[Short descriptive text snippets]

********************

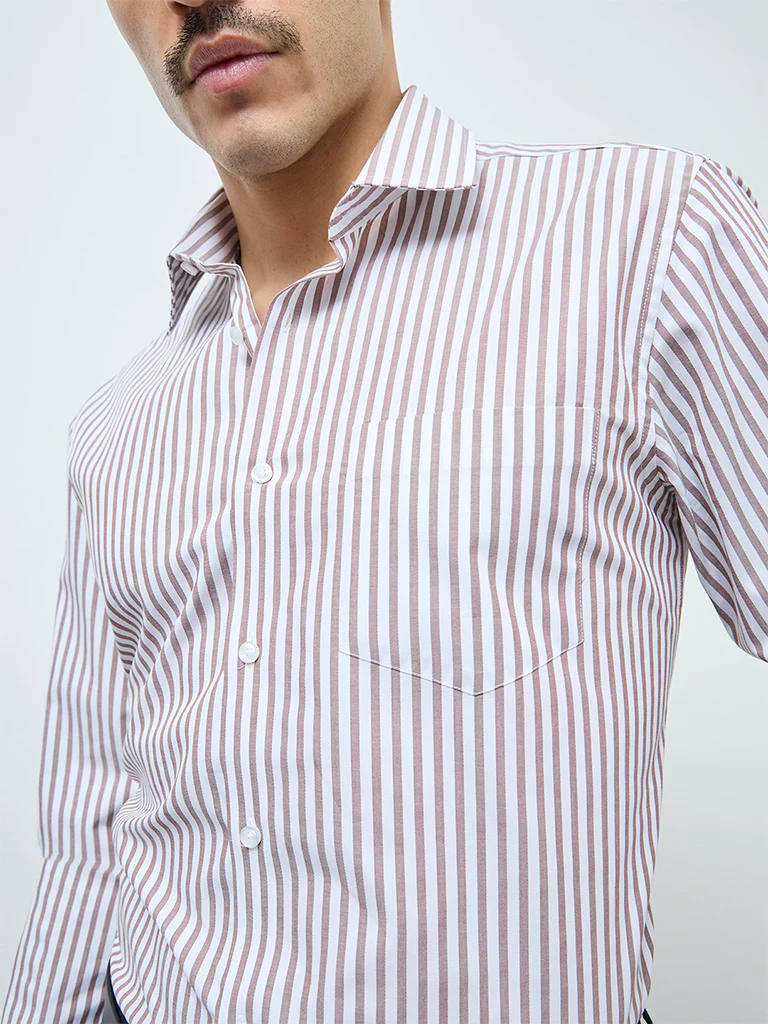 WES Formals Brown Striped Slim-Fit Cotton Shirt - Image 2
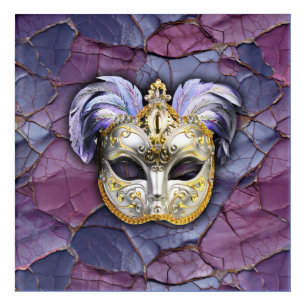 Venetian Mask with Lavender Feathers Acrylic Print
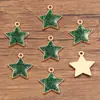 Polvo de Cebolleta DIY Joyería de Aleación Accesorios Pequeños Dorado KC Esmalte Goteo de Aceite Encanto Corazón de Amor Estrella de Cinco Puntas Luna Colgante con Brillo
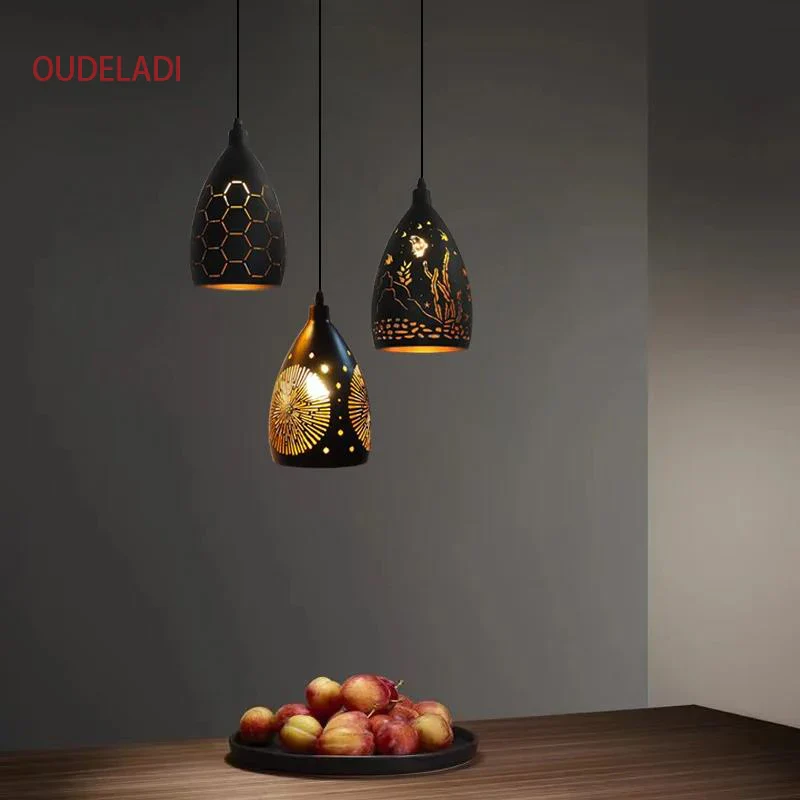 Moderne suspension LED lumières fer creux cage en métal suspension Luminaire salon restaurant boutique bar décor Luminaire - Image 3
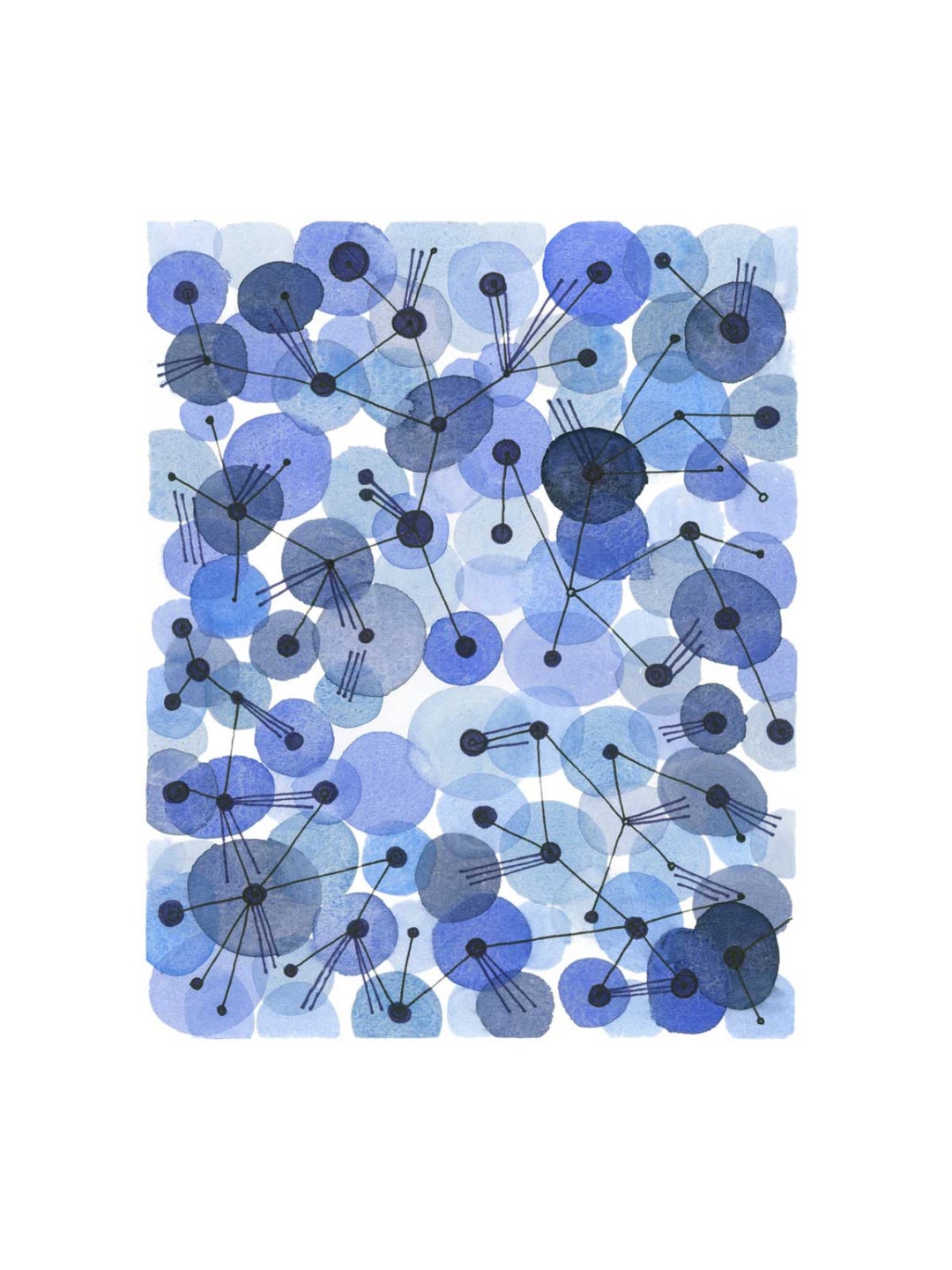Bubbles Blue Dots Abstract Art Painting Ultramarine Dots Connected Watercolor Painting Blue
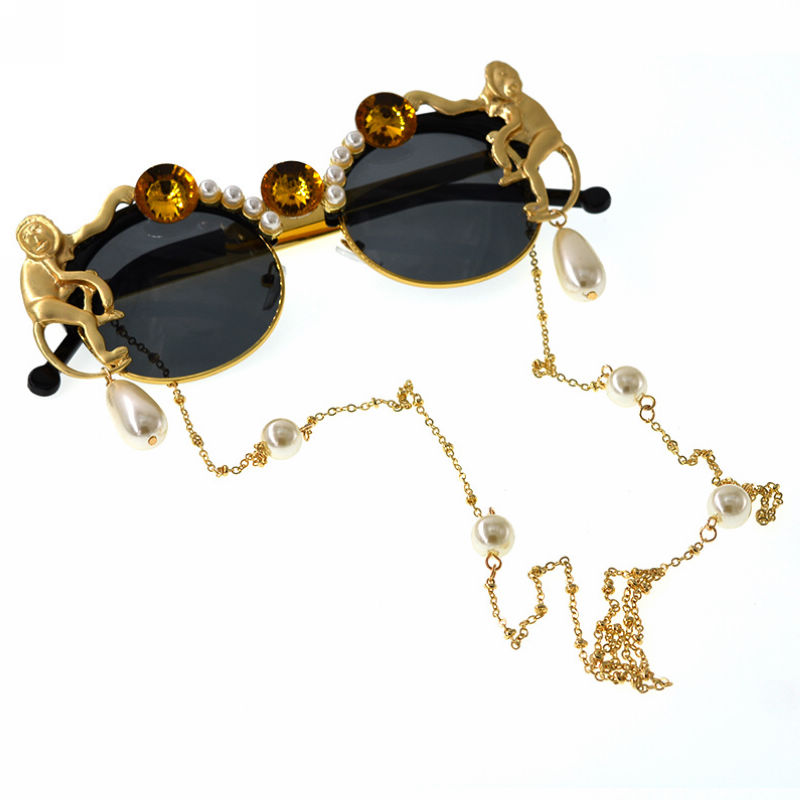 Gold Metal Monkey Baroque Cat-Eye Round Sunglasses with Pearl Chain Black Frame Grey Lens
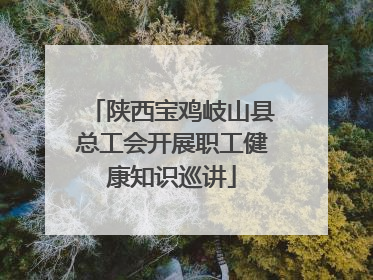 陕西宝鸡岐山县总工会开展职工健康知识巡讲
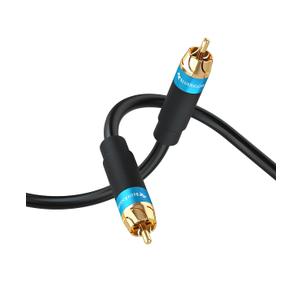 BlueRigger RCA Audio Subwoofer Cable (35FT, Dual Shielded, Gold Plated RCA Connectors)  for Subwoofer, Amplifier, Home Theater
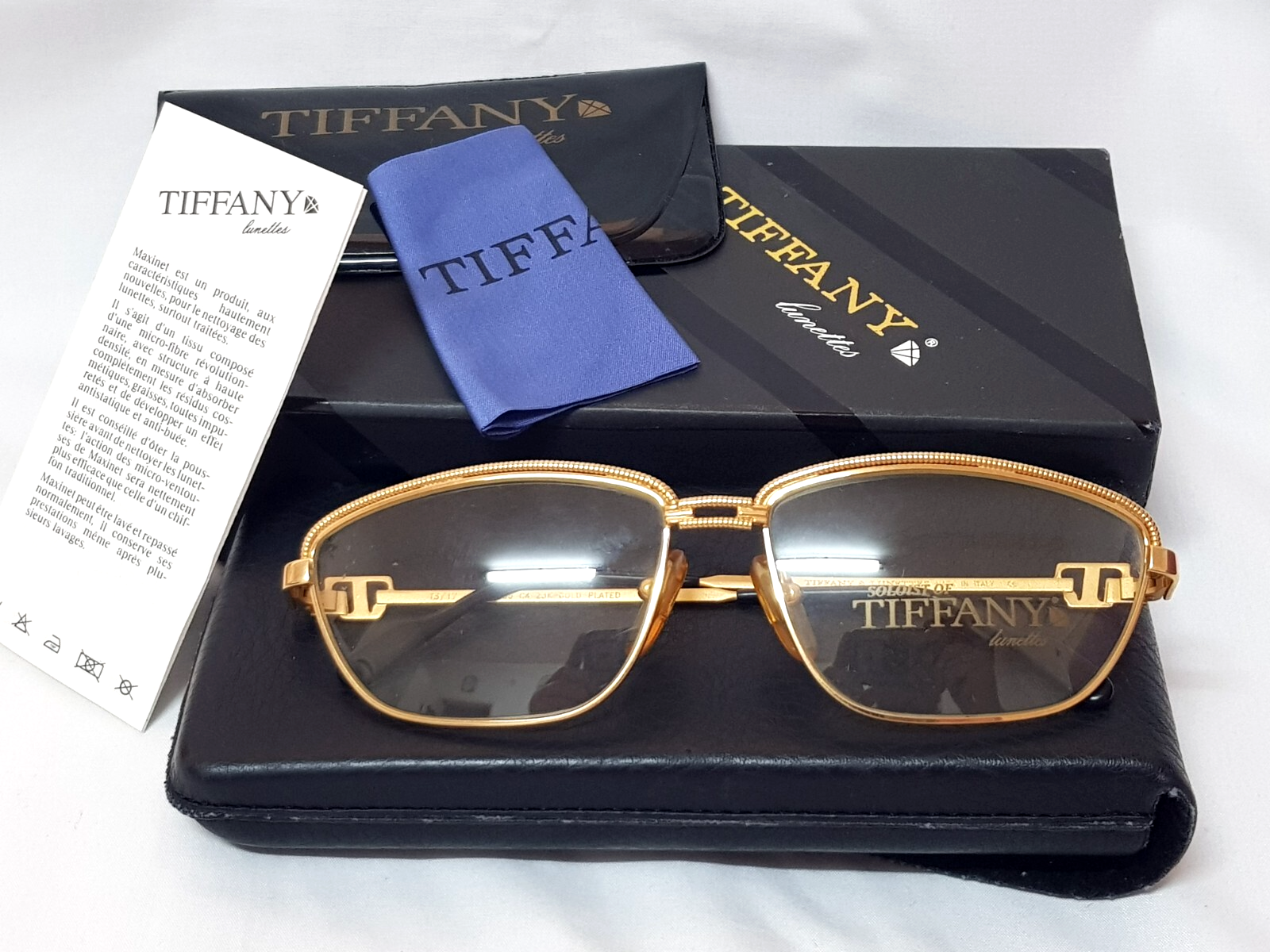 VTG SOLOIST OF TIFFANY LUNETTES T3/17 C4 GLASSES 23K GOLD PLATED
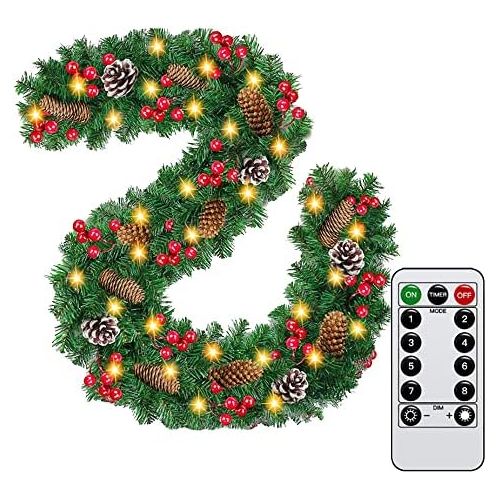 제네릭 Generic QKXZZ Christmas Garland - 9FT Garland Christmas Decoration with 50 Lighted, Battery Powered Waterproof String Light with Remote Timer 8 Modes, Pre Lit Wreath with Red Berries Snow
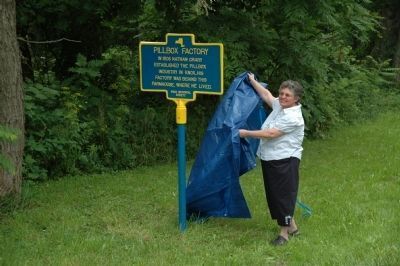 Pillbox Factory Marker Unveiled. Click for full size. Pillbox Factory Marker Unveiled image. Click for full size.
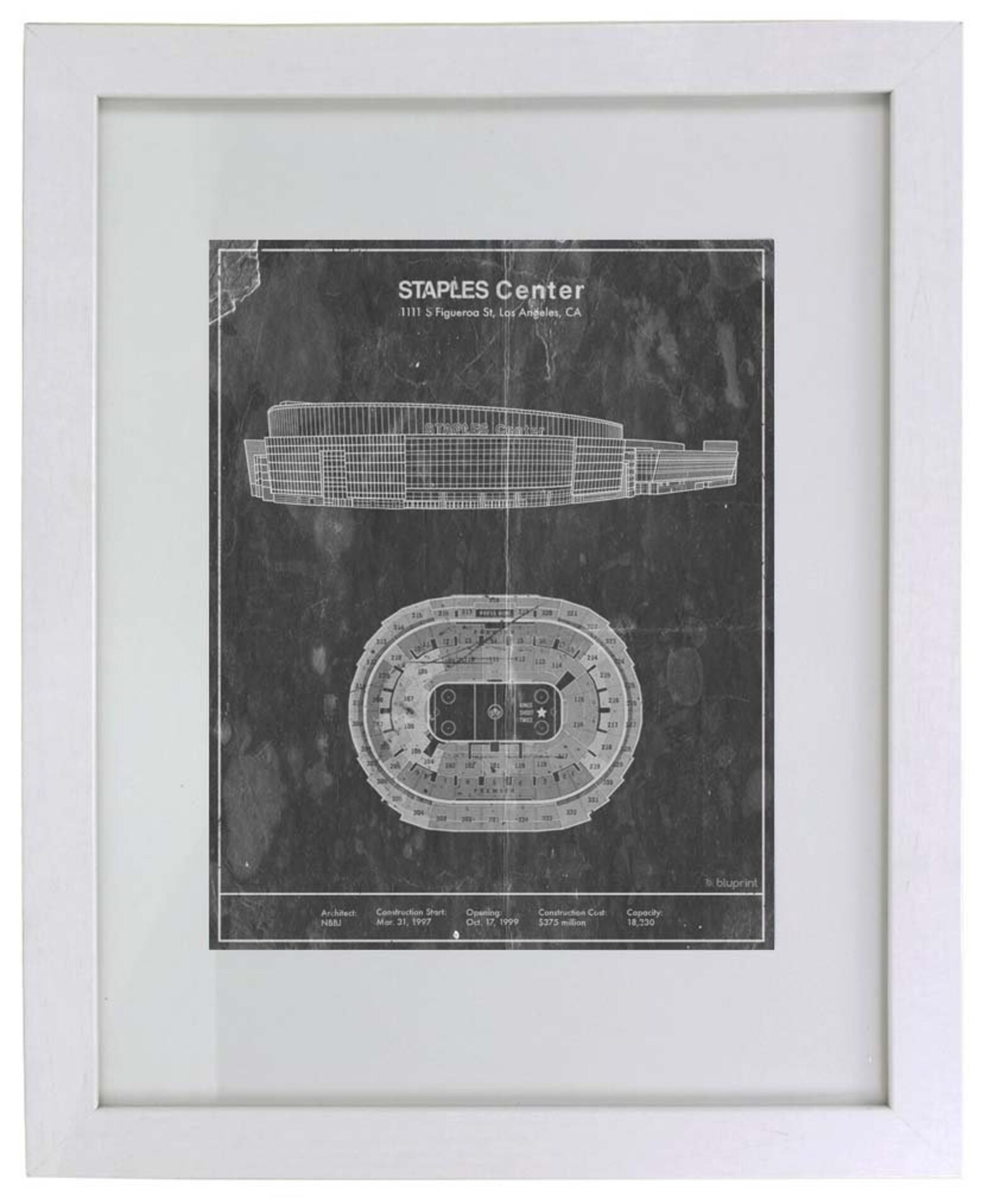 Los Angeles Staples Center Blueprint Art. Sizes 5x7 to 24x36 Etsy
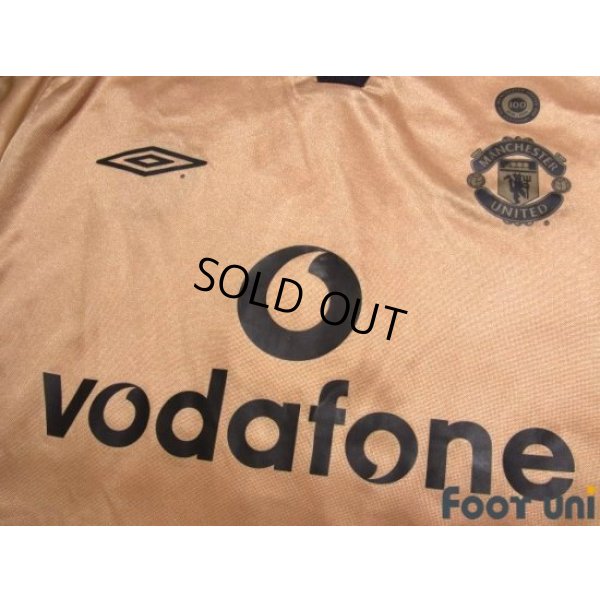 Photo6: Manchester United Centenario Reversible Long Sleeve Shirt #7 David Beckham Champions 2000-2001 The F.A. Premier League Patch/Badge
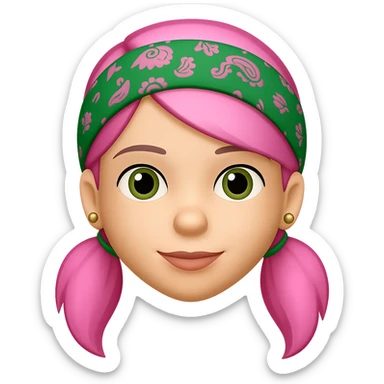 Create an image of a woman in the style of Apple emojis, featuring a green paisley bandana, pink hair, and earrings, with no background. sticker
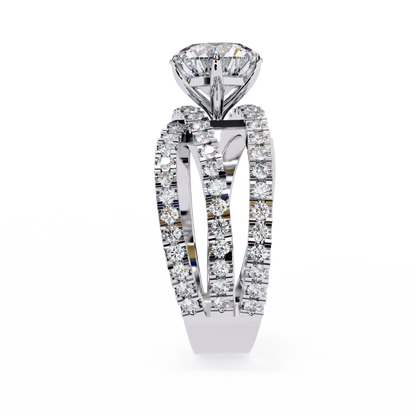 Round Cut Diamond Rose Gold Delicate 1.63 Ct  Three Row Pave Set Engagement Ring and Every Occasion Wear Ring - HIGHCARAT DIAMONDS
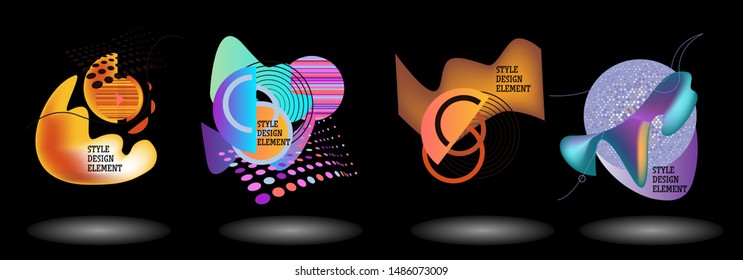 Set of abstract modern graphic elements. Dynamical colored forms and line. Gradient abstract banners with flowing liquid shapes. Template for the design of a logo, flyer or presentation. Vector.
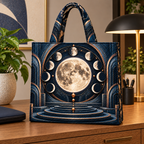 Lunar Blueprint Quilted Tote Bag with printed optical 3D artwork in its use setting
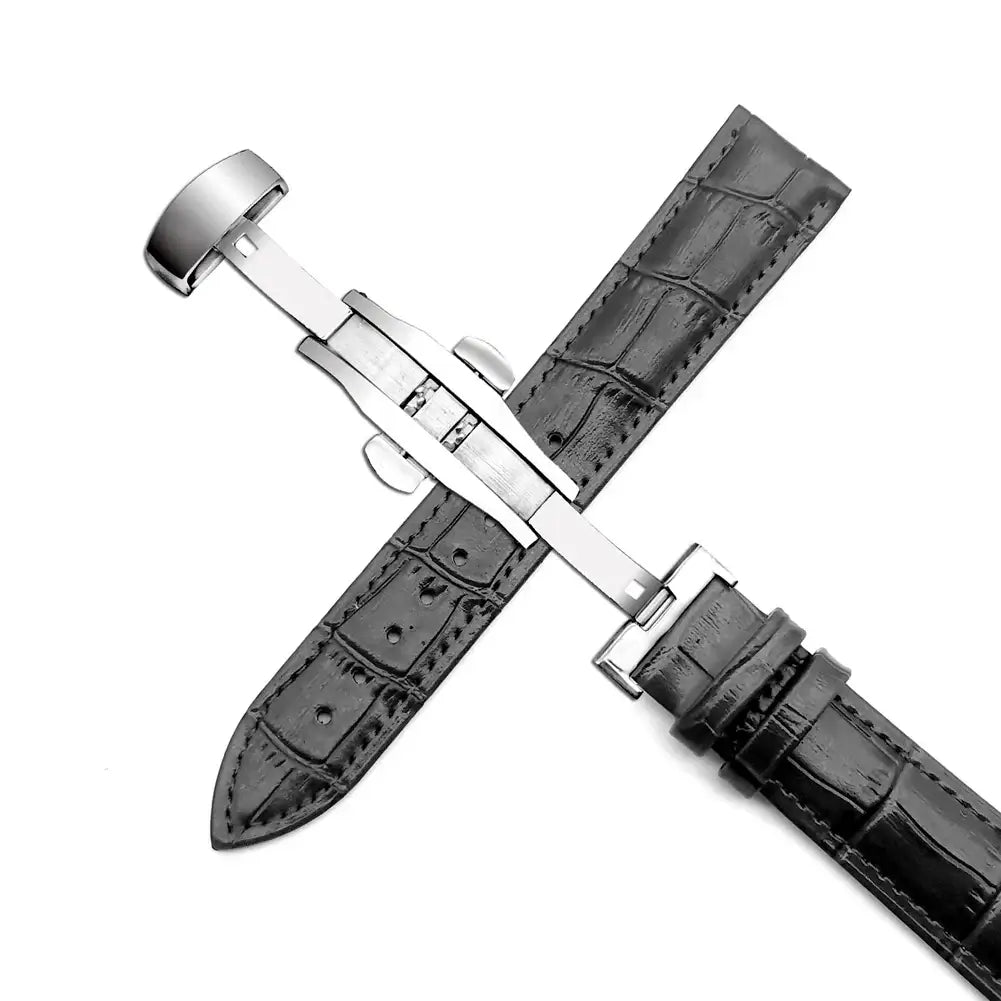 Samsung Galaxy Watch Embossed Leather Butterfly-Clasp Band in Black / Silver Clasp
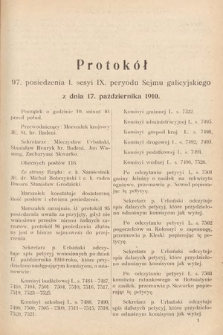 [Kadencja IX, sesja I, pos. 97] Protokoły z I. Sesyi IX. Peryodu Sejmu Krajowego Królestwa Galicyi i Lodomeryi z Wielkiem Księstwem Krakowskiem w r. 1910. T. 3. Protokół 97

********************

> **WORK REQUEST**
Only an exact copy of the lines from the top of the entries through the line with "BlueRigger RCA Audio", both included, should be given, with all pictures omitted.

> **ANSWER SPACE**
 WES Formals Brown Striped Slim-Fit Cotton Shirt - Image 2
 Venetian Mask with Lavender Feathers Acrylic Print
 Polvo de Cebolleta DIY Joyería de Aleación Accesorios Pequeños Dorado KC Esmalte Goteo de Aceite Encanto Corazón de Amor Estrella de Cinco Puntas Luna Colgante con Brillo
 Moderne suspension LED lumières fer creux cage en métal suspension Luminaire salon restaurant boutique bar décor Luminaire - Image 3
Bubbles Blue Dots Abstract Art Painting Ultramarine Dots Connected Watercolor Painting Blue
 Gold Metal Monkey Baroque Cat-Eye Round Sunglasses with Pearl Chain Black Frame Grey Lens
 陕西宝鸡岐山县总工会开展职工健康知识巡讲
 BlueRigger RCA Audio Subwoofer Cable (35FT, Dual Shielded, Gold Plated RCA Connectors)  for Subwoofer, Amplifier, Home Theater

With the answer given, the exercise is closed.